## Exercise brief
Omit the pictures and return exactly the stretch of the material below from the line with "Suede Winter Slip-On Clog - Black" through the line with "Beddinghouse Sheer Badtextiel - Donker Groen".

[[ Data under study open ]]

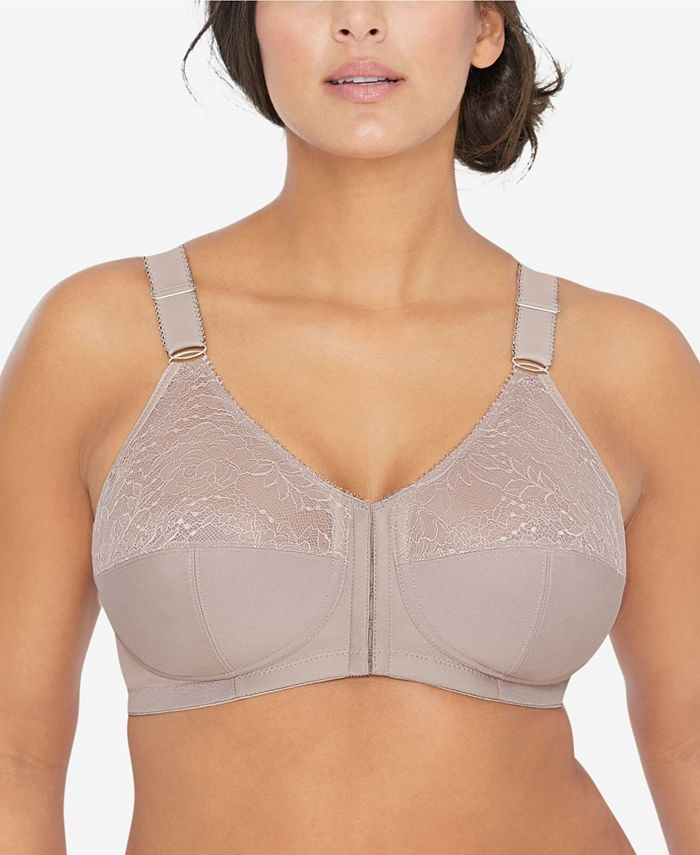 Glamorise Women's ComfortLift Front Close Lace Posture Back Support Bra  #1202 - Macy's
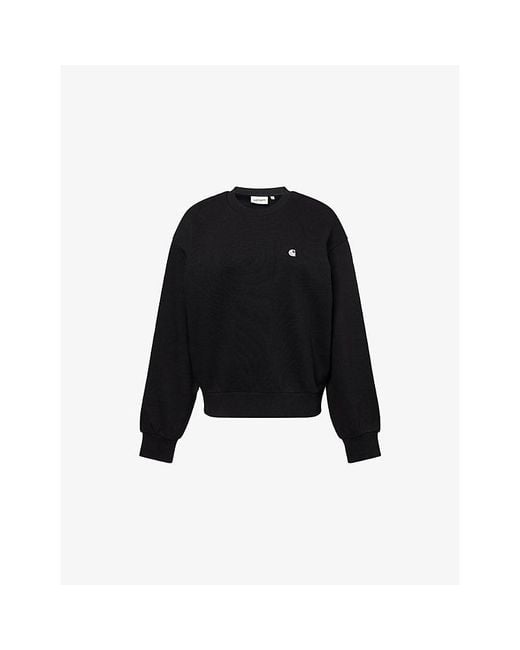 Carhartt Black Casey Logo-Embroidered Cotton Sweatshirt
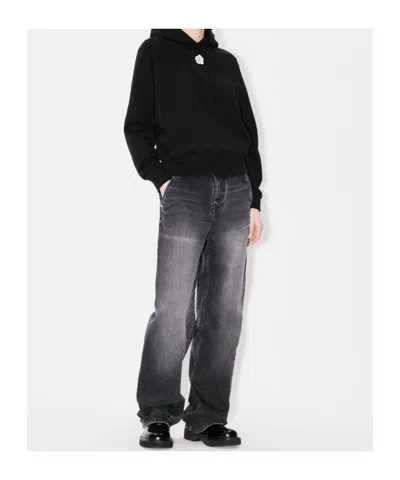 Kenzo Boke Flower 2.0 Hoodie In Black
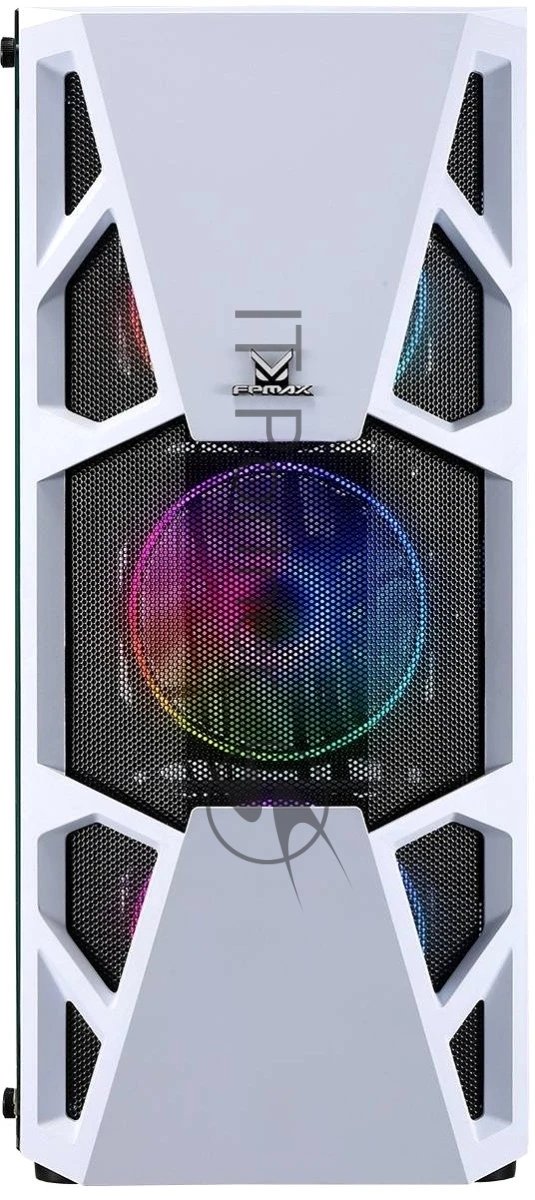 Компьютерный корпус AeroCool/Formula CL-3303W RGb белый без БП ATX 6x120мм 2xUSB 2.0 1xUSB 3.0 audio bott PSU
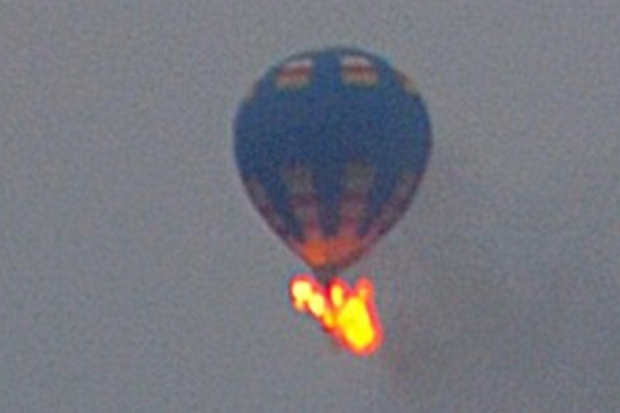 Balon udara terbakar di Virginia, 3 orang hilang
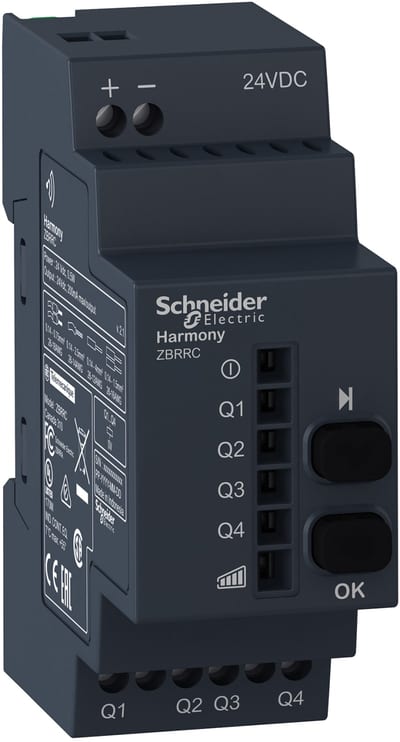 Wireless Receiver 4xPNP Outputs 24 VDC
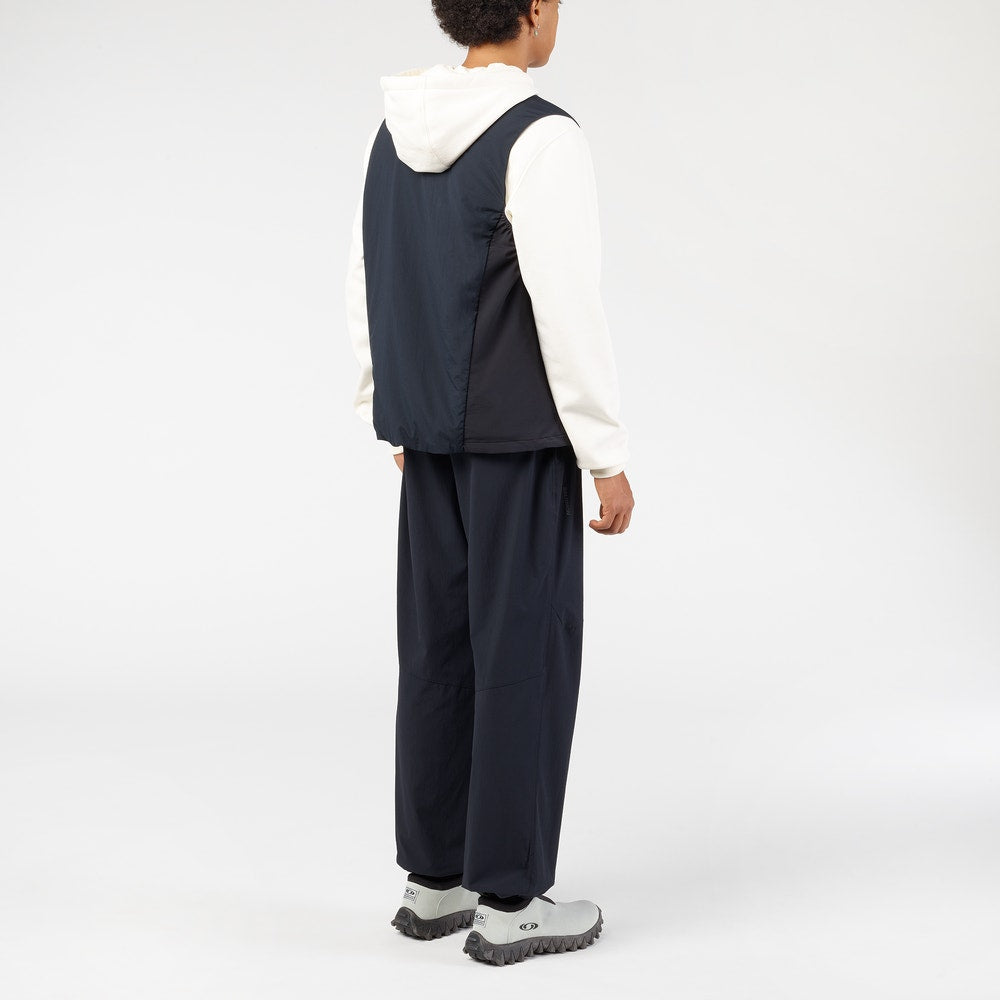 Suede Winter Slip-On Clog - Black
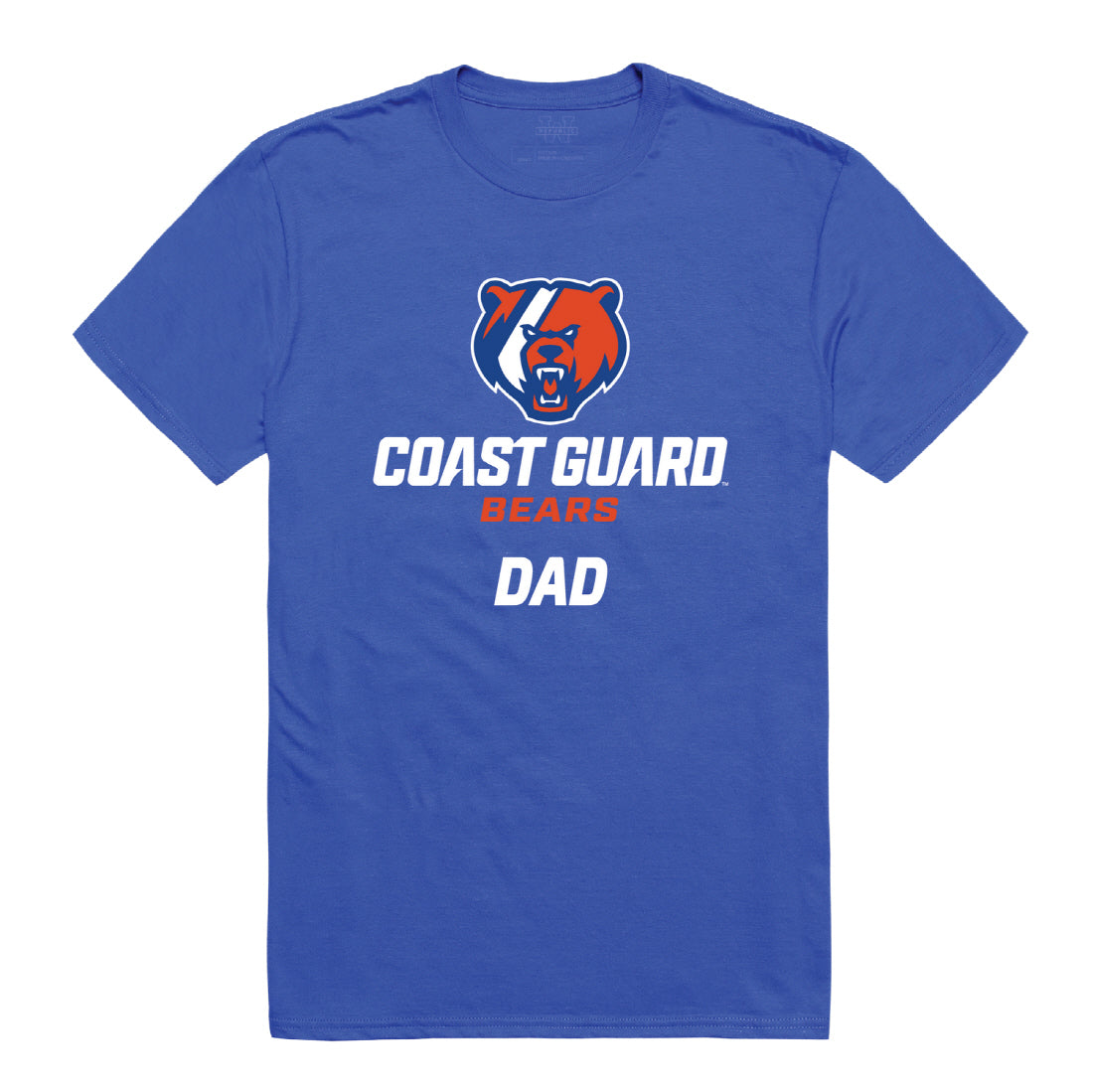 United States Coast Guard Academy Dad Tee T-Shirt - Heather Grey, Small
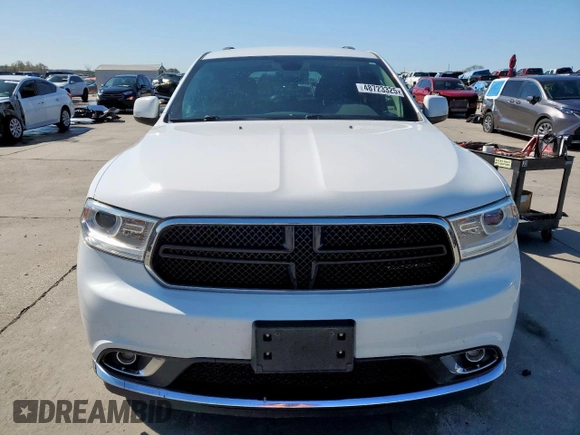 2017 Dodge Durango SXT z VIN 1C4RDJAG3HC824081, wystawiony jako Copart lot #48723325 z przebiegiem 129 372 mil mil oraz Czysty tytuł • Clean title. Historia ofert i sprzedaży dostępna na DreamBid. Obrazek 5.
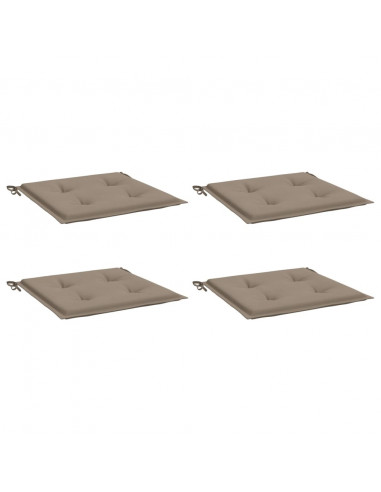 Cuscini per Sedia 4 pz Tortora 50x50x3 cm in Tessuto Oxford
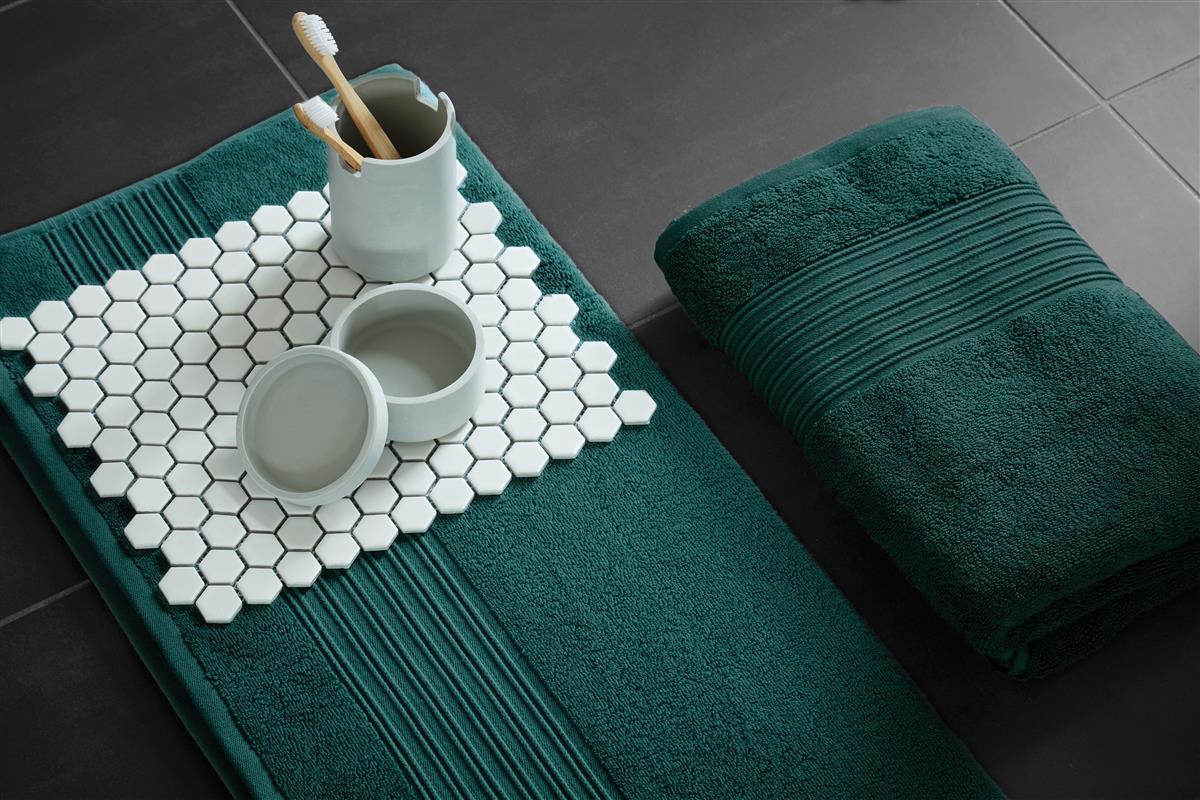 Beddinghouse Sheer Badtextiel - Donker Groen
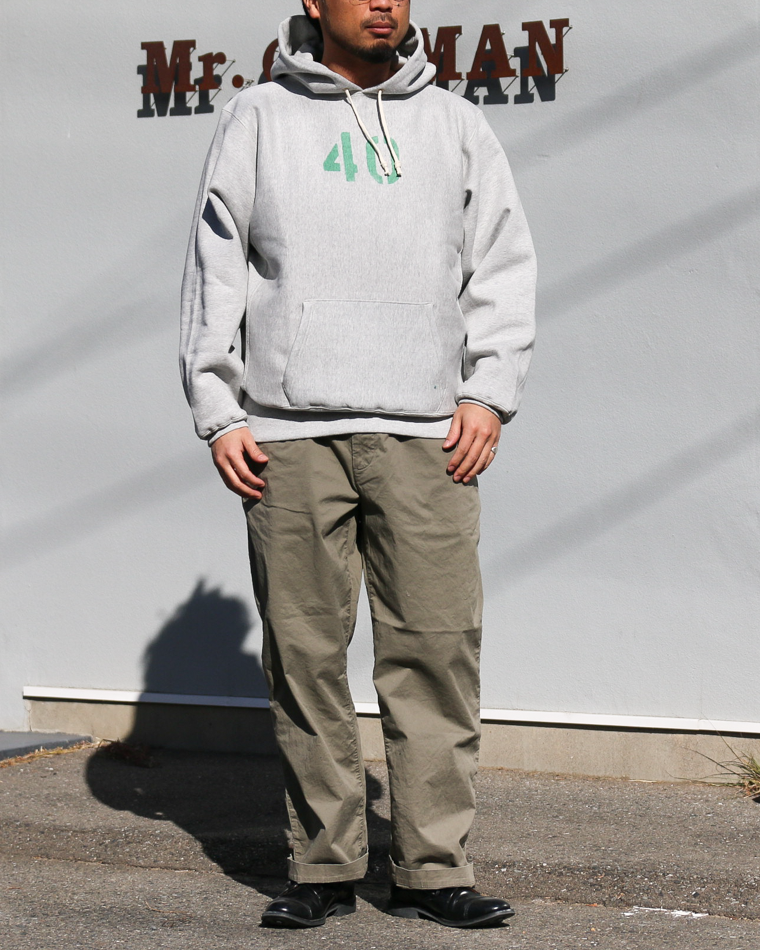 WAREHOUSE ウエアハウス Lot.484 REVERSE WEAVE HOODIE No.40 Grey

[[ Data under study closed ]]

## Exercise answer
 Suede Winter Slip-On Clog - Black
 United States Coast Guard Academy Dad Tee T-Shirt - Heather Grey, Small
 2017 Dodge Durango SXT z VIN 1C4RDJAG3HC824081, wystawiony jako Copart lot #48723325 z przebiegiem 129 372 mil mil oraz Czysty tytuł • Clean title. Historia ofert i sprzedaży dostępna na DreamBid. Obrazek 5.
 Cuscini per Sedia 4 pz Tortora 50x50x3 cm in Tessuto Oxford
 Beddinghouse Sheer Badtextiel - Donker Groen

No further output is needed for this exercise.